Wednesday, 9th August, Zheravna

When we start up the road to Burgas again I have a definite and well-known feeling of starting for home, even though there are still two days and many new experiences before us. It has to do with leaving the sea. The road dances towards and away from the coast like a shy asphalt river excused from the laws of gravity impelling real rivers to finally yield their identity to the sea. Having stopped for coffee in Burgas, we continue further north along a sea-level road skirting a lagoon. Crossing it, water each side, we are rounding Burgas Bay to arrive in Pomorie. Like almost every town of any size we have gone through in the last few days it is a huge building site. Anywhere near the coast hotels of all shapes and sizes—mostly medium to large—are sprouting up in a boom that I suspect will have major unregulated ecological consequences. It is very clear from the volume of new building why EVN has had to put a mobile transformer station into service — it was built in Austria, mounted on two trailers and shipped down the Danube.

 


Pomorie itself lies on a salt lagoon and has a long (and continuing) history of salt production. After visiting the small Salt Museum we stand outside watching the cormorants grooming themselves, perched on poles that look like they are the remains of an old jetty. The next event on the agenda is a short stop at the EVN base in the area.

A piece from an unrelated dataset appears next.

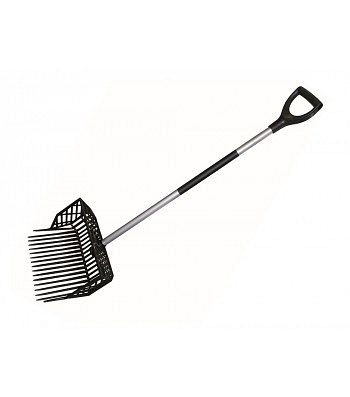 Fourche à copeaux professionnelle Growi, élévation latérale, hauteur 290 mm, avec poignée en aluminium, 10076770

As I walk by a lorry in the forecourt a crackly voice rings out in something resembling a question. Since there is no-one else around I open the cab door to find a babbling two-way radio. The teams in the field use them to communicate. M comes over and translates a couple of sentences. I switch on the recorder.

Some of the houses in the town date from the so-called National Revival period and are similar to the wooden houses we saw in Sozopol. After this we leave the sea behind once and for all, heading almost due west for Karnobat and Sliven, though we turn north into the Balkan foothills before reaching the latter. We are on our way to Kotel, passing a number of disused factories at the side of the road and I make another little note to explore what the differences in factory work were in capitalist and communist Europe.